Estados Unidos es el destino de prácticamente la mitad del comercio internacional de Honduras, tiene un programa de donaciones de 215 millones de dólares en ayuda humanitaria a través de la Cuenta del Milenio y es socio en un acuerdo de libre comercio con Centroamérica. Todo lo que tendría que hacer es cortar esos canales y aislar más a Micheletti.
Pero Washington también ha tenido en en los militares hondureños aliados poderosos en el pasado, especialmente durante la Guerra Fría. Y en su acción de cautela ante los golpistas, no parecía estar solo. Dos días después de la decisión de la OEA de suspender las obligaciones de Honduras en la organización y pedir a sus miembros que analicen la posibilidad de adoptar otras acciones bilaterales contra ese país, ninguno de los 32 miembros que ahora tiene la OEA ha procedido más allá de lo esperable.
"Zelaya puede seguir siendo el presidente legítimo de Honduras y víctima de un golpe militar", dijo Michael Shifter, subdirector del Diálogo Interamericano. "Pero será difícil que retorne a su país".
En realidad ningún presidente depuesto ha sido retornado al cargo por presión internacional. Jean Bertrand Aristide regresó a su cargo en Haití en 1994 después de su derrocamiento en 1991, solamente con una invasión militar encabezada por Estados Unidos. Según Shifter, la suspensión de Honduras acordada por la OEA parecía una medida "muy drástica y precipitada" que incitaba al gobierno interino de Honduras a aferrarse más al poder.
"Qué hacer con Zelaya sigue siendo un punto críticamente clave de cualquier negociación", dijo a la AP. "Por razones de principio y simbolismo, pareciera bueno para él retornar, pero las preocupaciones de posible intranquilidad en Honduras tienen también que ser tomadas en cuenta".
El canciller brasileño Celso Amorim discrepa.
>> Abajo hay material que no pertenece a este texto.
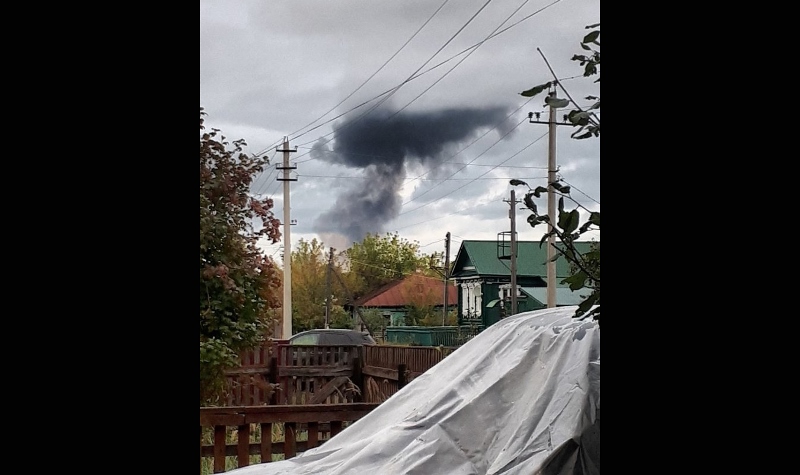 падение МИГ-31 в Нижегородской области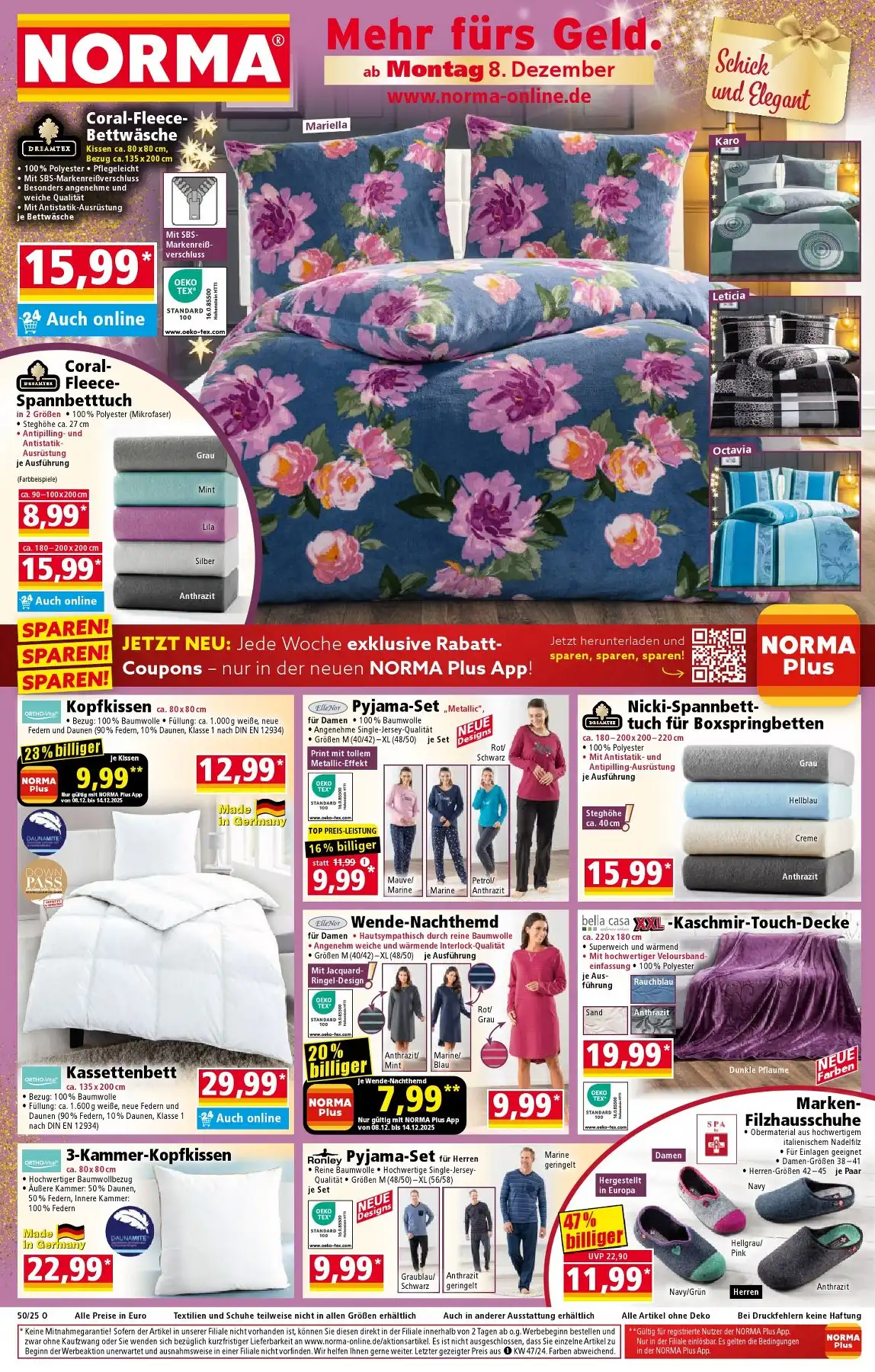 Norma Prospekt nächste woche ab 08.12.2025 bis 13.12.2025 2 norma prospekt 1 1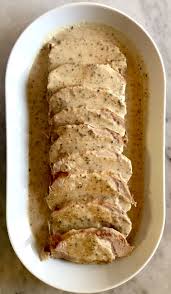Pork Loin Roast Braised In Sage Infused Milk Sauce Recipe Pork Loin Pork Braised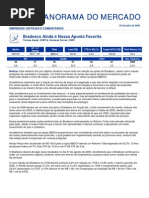 250706 - Panorama Do Mercado - Bradesco, Comgas, Telesp, TIM e Embratel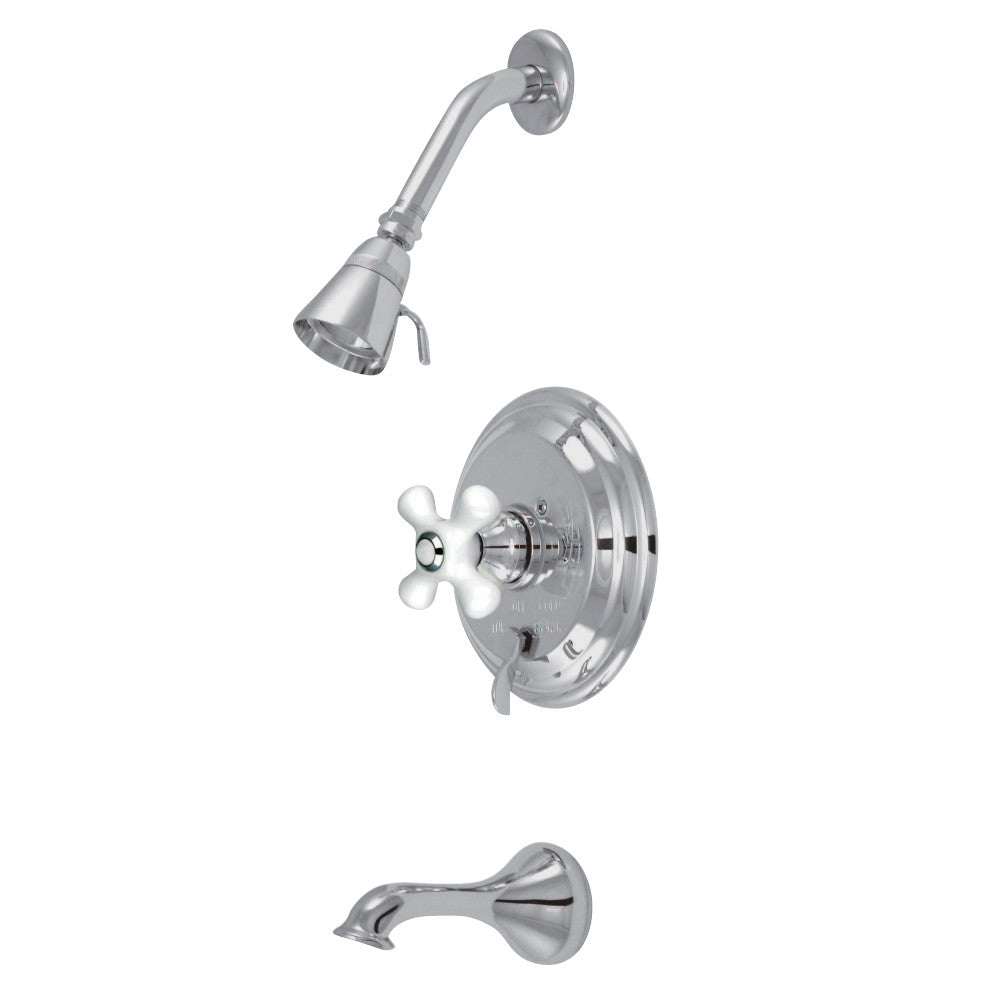 Restoration Tub & Shower Faucet W/ 1.8 GPM Multi Function Shower Head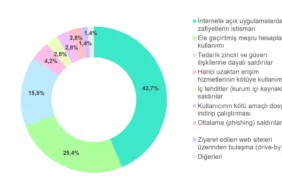 Siber Zafiyetlerde Korkutan Yükseliş
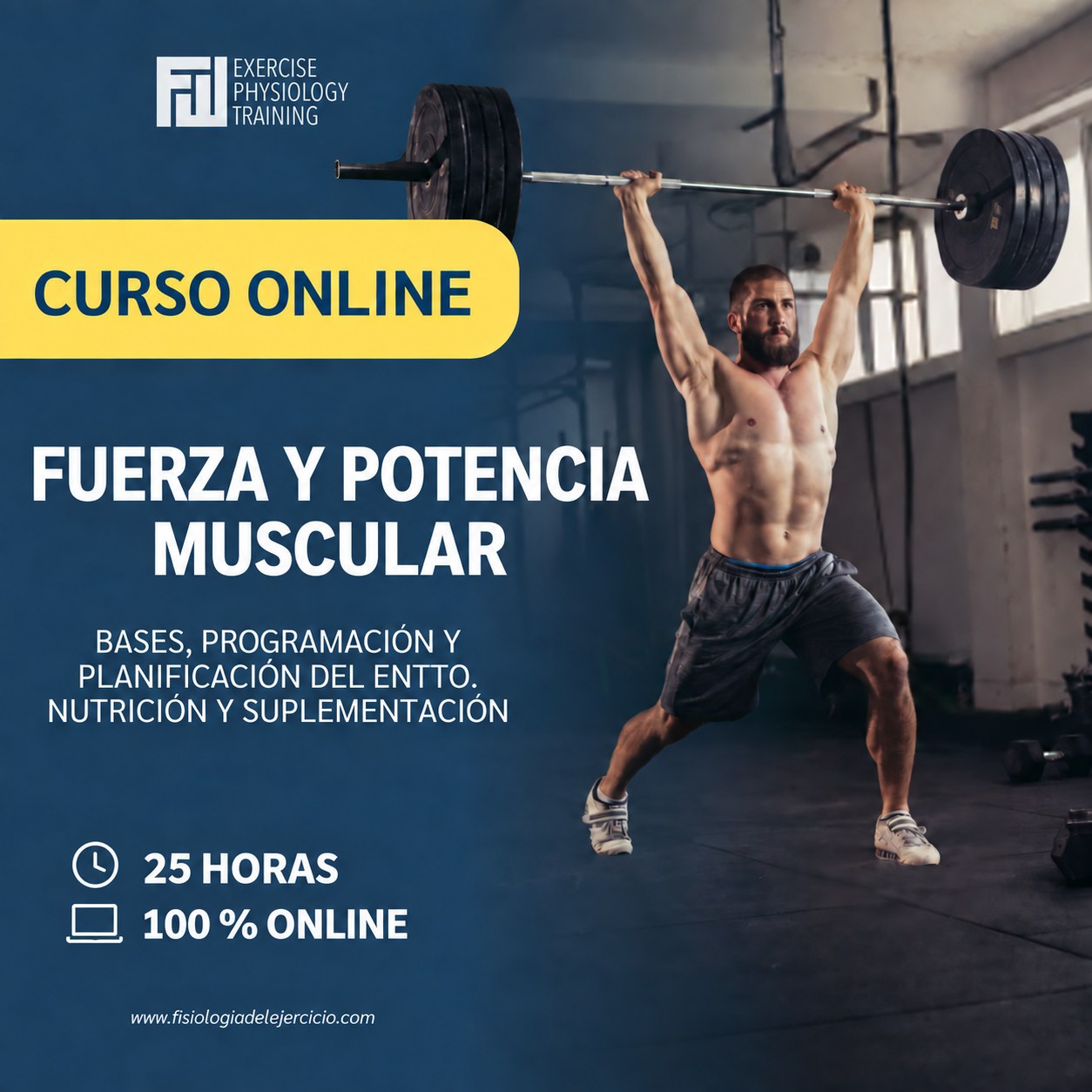 Fuerza y potencia muscular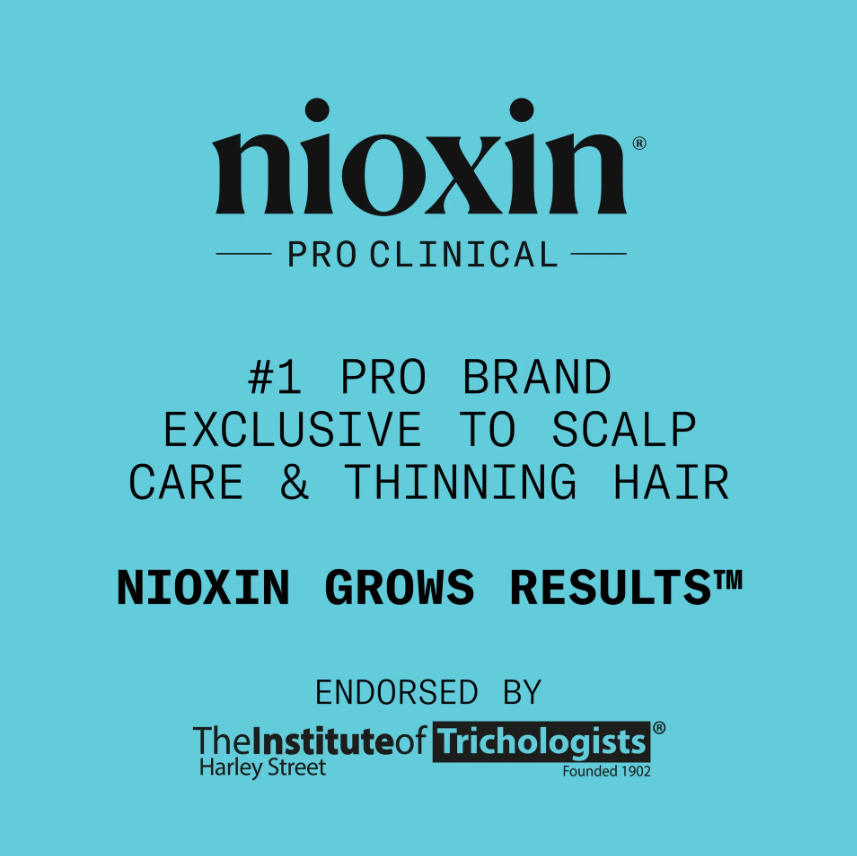 Nioxin 3 - Scalp + Hair Shampoo - Colored/Dry/Damaged Hair Shampoo for Light Thinning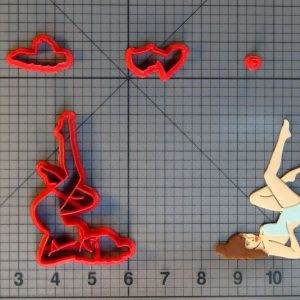 Pin Up Girl 266-C772 Cookie Cutter Set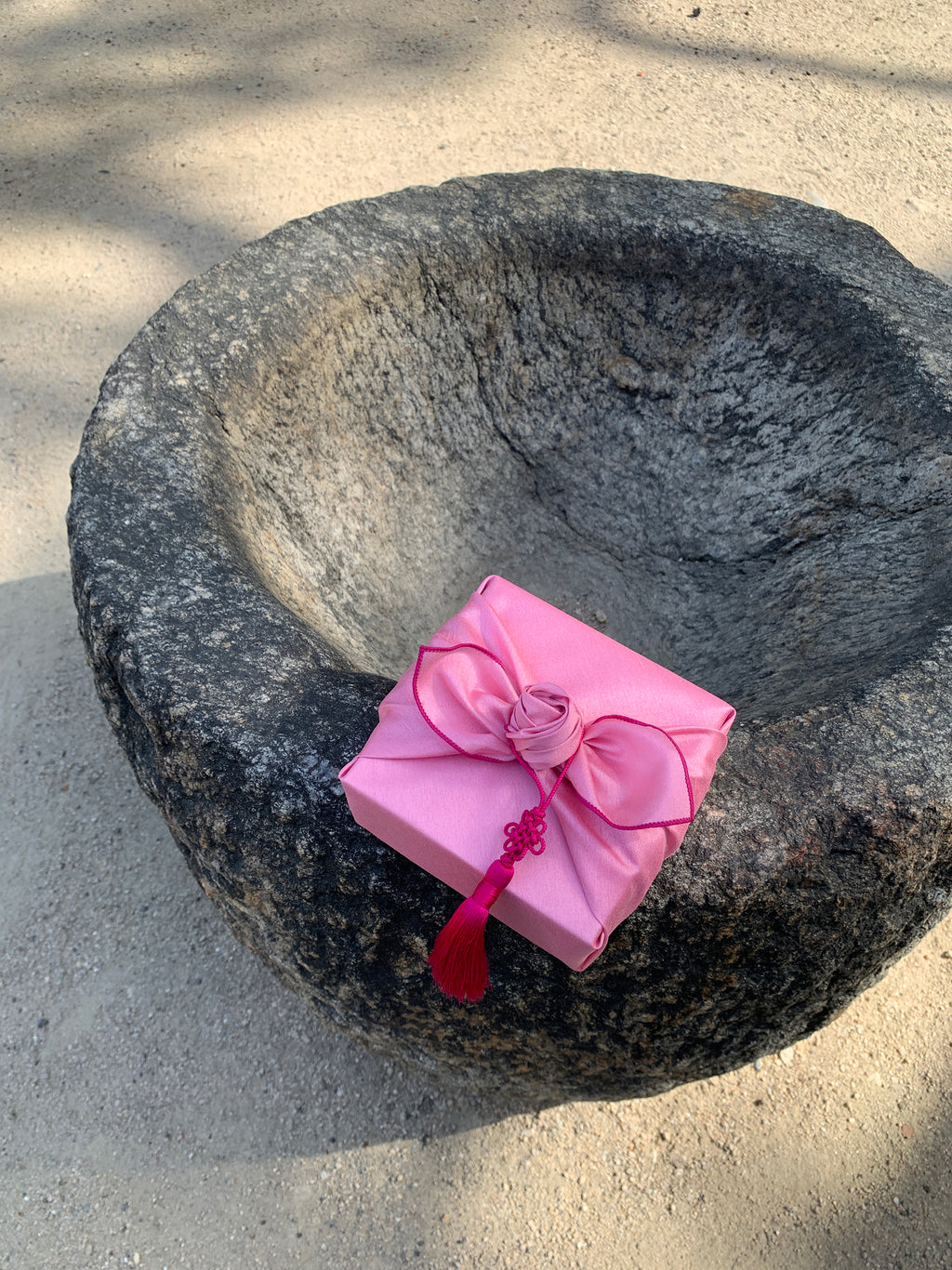 Bojagi Wrap — Blossom
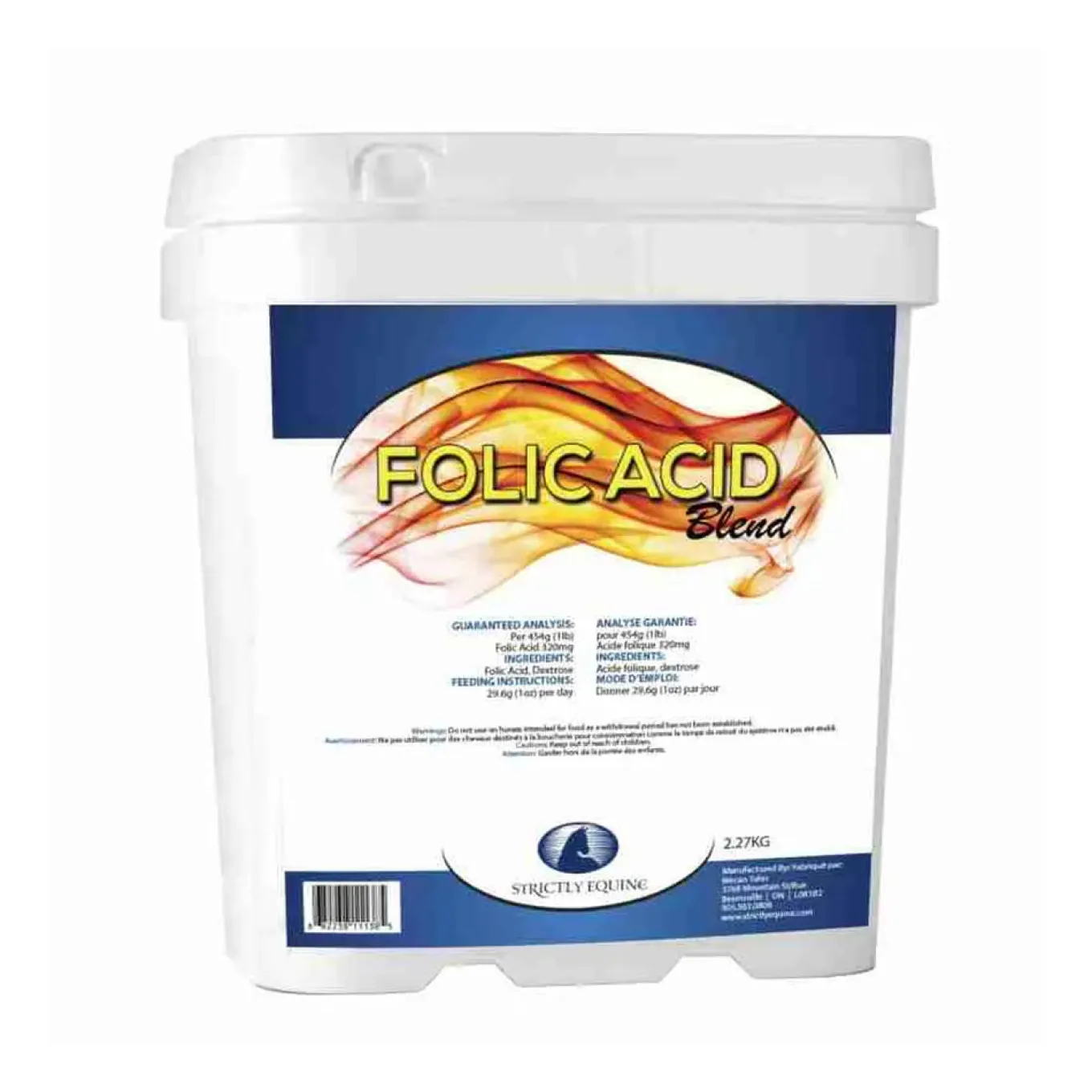 Strictly Equine Folic Acid 2.2 kg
Cree que las acciones de la OEA, más las del Banco Mundial y Banco Interamericano de Desarrollo, de suspender los créditos a Honduras y congelar sus actuales programas de más de 400 millones de dólares en total, difícilmente serán resistidas por el gobierno de Micheletti. "Sin esa ayuda económica y sin petróleo este régimen golpista no va a durar mucho", dijo a reporteros en París, donde está de visita oficial.
La forma en que Obama ha tomado las manifestaciones violentas en favor de Zelaya en Honduras preocupa igualmente a Mark Weisbrot, codirector del Centro para la Investigación Económica y Política (Center for Economic and Policy Research). "El gobierno de Obama ha permanecido en silencio frente a la violenta represión en Honduras, incluyendo los disparos de militares y la muerte de manifestantes desarmados y la censura de la prensa", dijo. "Este silencio ha ayudado al gobierno golpista a ver una prolongada expectativa de vida".
Durante el debate de la OEA el sábado 4 de julio, día de la independencia de Estados Unidos, la delegación estadounidense mantuvo un perfil discreto y su intervención fue más bien protocolar. Pero el vicecanciller canadiense Peter Kent repitió lo que ha estado diciendo en días previos sobre los hechos en Honduras, al insinuar indirectamente que Zelaya no era tampoco un santo. Si bien el golpe era en sí "una afrenta" para la región, donde hasta el 28 de junio todos los países excepto Cuba tenían gobiernos elegidos en libertad, existía también "un contexto en el cual ocurrieron los acontecimientos" que no debiera ser ignorado, dijo.